Dr. Lindgren advises against using cow’s milk for infants too.
“That's something that we wouldn't recommend under the age of six months," he said. "It should only be used in some extreme circumstances for a substitution for formula.”
For many moms, breastfeeding isn’t an option either.
“Anytime you talk about any way to feed a baby, it doesn't matter what it is, you're going to get a mean comment," said Clawson. "And so many people think when they see this formula thing, I see most comments are, 'Well, why don't you just start to breastfeed again?' Or, 'Have you tried this or that?' It's not that simple. Babies are like us; they have very specific tastes. Their tummies can't also handle certain things, just like grown-ups can't.”
Watch: Lactation consultant, milk bank speak on impact of baby formula shortage:
FOX 13 News spoke to an international board certified lactation consultant, who says she's seen a big strain on mothers since the formula recall.
"I've had many mothers reach out and say hey if I'm capable can you help me make more milk so I can share it with my sister or my cousin or to the milk bank," said Jessica Clayton. "It really hits me close because they are taking something that their body alone can make during that time and sharing it others and mothers that are not capable."
Many Utah families are turning to mother's milk banks to help feed their babies, but one local milk bank says they've had to turn people away because they don't have enough supply to keep up with the surging demand.

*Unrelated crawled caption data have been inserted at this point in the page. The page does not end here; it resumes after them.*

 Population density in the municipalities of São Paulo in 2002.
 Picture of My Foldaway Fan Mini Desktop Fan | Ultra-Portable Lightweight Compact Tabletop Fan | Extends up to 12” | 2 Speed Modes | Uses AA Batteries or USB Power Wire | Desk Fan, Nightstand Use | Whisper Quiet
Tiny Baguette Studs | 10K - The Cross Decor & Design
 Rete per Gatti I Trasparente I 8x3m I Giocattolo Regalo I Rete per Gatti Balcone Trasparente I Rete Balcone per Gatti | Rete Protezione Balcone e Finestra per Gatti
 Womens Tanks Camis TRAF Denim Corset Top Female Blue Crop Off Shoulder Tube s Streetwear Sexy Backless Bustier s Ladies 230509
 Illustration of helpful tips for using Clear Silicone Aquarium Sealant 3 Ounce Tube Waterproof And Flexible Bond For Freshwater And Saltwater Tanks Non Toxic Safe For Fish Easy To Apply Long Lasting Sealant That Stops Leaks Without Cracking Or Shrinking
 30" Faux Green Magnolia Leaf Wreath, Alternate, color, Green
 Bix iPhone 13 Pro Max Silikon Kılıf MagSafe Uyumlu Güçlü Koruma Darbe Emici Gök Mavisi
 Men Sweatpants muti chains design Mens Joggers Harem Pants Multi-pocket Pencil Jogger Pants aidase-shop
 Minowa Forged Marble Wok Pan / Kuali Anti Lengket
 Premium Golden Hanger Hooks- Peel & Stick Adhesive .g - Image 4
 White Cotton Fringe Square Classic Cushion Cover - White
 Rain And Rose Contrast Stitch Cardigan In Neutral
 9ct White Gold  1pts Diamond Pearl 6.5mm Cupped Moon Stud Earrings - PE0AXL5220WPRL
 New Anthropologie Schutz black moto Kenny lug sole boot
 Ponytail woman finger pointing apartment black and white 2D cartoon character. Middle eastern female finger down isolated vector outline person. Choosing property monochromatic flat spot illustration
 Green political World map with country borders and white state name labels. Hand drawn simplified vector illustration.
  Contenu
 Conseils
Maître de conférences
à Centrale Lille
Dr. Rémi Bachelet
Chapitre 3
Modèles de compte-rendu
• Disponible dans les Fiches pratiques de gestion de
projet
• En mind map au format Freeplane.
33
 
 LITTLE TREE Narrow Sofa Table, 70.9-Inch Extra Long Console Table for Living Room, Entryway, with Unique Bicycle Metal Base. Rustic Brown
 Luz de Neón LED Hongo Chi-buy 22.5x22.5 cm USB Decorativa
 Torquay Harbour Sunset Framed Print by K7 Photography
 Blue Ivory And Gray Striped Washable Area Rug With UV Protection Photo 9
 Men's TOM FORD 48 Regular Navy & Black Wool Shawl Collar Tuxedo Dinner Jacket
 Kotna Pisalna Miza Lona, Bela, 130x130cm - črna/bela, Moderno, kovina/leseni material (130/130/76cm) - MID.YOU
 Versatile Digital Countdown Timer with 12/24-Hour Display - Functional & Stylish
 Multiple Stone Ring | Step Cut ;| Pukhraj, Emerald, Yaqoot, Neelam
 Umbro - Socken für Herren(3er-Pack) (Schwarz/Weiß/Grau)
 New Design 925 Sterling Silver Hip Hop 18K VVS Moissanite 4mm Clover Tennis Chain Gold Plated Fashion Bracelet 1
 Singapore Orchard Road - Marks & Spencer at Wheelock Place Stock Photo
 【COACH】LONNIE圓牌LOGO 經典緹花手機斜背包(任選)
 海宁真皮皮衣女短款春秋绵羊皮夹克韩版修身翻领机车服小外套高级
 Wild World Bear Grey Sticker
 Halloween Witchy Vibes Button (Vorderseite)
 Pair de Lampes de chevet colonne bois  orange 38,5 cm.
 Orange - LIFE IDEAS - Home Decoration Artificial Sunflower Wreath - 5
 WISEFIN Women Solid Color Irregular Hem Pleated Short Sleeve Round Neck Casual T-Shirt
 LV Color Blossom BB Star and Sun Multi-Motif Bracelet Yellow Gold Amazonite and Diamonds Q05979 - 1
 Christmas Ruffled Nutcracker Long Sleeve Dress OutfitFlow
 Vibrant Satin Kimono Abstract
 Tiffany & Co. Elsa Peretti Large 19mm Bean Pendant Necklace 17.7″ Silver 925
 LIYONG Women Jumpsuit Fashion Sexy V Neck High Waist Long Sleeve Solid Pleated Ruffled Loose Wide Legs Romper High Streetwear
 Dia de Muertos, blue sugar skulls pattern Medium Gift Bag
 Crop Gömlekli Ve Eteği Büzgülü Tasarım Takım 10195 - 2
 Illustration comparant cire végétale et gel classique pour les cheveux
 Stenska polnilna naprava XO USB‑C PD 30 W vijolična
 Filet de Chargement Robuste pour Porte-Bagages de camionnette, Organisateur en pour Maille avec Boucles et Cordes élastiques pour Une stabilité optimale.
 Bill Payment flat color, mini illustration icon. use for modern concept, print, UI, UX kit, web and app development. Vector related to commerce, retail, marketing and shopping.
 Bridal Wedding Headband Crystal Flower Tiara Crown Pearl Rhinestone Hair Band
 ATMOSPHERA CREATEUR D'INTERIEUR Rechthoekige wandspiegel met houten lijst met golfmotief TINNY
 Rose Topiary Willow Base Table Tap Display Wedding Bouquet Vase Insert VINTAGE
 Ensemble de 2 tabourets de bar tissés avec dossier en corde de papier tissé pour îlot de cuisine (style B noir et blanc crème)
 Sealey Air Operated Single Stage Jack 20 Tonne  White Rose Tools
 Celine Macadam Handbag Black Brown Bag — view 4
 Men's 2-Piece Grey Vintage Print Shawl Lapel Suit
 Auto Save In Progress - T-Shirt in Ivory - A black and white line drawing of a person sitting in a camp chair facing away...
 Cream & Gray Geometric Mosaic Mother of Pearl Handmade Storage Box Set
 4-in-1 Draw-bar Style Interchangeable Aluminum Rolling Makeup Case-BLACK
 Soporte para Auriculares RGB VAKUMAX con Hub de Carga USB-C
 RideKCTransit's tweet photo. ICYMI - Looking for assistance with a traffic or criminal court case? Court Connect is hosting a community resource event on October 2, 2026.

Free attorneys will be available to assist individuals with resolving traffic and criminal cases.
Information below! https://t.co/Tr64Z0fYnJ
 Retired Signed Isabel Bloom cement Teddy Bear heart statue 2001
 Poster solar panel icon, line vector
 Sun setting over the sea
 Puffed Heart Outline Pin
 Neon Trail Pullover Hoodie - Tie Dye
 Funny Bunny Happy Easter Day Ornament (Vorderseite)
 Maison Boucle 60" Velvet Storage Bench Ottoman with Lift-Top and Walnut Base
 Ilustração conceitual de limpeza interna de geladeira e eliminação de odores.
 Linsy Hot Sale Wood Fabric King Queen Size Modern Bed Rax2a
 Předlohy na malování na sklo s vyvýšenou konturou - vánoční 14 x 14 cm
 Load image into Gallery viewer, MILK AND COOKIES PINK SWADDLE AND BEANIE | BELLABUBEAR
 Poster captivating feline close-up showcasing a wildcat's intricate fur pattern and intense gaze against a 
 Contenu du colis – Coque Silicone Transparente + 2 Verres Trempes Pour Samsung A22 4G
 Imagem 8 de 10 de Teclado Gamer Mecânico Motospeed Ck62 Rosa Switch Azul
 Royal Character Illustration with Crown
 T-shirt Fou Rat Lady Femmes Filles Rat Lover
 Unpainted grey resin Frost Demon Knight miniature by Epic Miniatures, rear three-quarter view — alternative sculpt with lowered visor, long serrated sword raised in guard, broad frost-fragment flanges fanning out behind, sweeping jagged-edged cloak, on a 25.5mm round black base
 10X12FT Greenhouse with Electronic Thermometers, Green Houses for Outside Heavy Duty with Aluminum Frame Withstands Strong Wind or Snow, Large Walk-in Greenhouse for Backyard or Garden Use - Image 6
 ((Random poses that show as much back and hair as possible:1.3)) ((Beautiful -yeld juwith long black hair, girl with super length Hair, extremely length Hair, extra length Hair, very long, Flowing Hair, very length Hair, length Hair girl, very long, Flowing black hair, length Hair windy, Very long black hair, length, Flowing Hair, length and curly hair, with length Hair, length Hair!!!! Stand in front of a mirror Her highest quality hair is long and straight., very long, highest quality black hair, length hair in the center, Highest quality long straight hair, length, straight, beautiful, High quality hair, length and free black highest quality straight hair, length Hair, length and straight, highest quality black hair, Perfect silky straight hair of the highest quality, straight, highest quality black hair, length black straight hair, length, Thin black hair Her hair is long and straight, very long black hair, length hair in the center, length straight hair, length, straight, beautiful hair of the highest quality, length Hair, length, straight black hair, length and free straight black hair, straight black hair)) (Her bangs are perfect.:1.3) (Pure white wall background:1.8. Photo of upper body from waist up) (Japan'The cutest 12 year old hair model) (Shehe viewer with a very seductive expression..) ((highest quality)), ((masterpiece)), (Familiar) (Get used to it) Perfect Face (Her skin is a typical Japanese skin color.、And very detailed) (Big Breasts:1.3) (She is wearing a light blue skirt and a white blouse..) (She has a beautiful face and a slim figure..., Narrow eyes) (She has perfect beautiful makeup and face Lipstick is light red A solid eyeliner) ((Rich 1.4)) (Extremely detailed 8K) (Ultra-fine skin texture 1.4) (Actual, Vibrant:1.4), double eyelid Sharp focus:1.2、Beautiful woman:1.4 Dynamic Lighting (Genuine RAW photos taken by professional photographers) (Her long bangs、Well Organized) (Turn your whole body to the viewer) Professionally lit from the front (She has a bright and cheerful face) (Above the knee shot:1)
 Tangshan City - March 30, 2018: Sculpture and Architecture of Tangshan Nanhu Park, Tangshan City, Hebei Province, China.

"The best way people can help to kind of alleviate this tension all the way around is if they do have extra breast milk, is by donating it," said registered nurse clinical coordinator with Mountain West Mother's Milk Bank Mary Callahan. "This allows us to kind of help feed the babies in the hospital. That's our main priority. And then the more milk we have, the more milk we can provide to our outpatient program."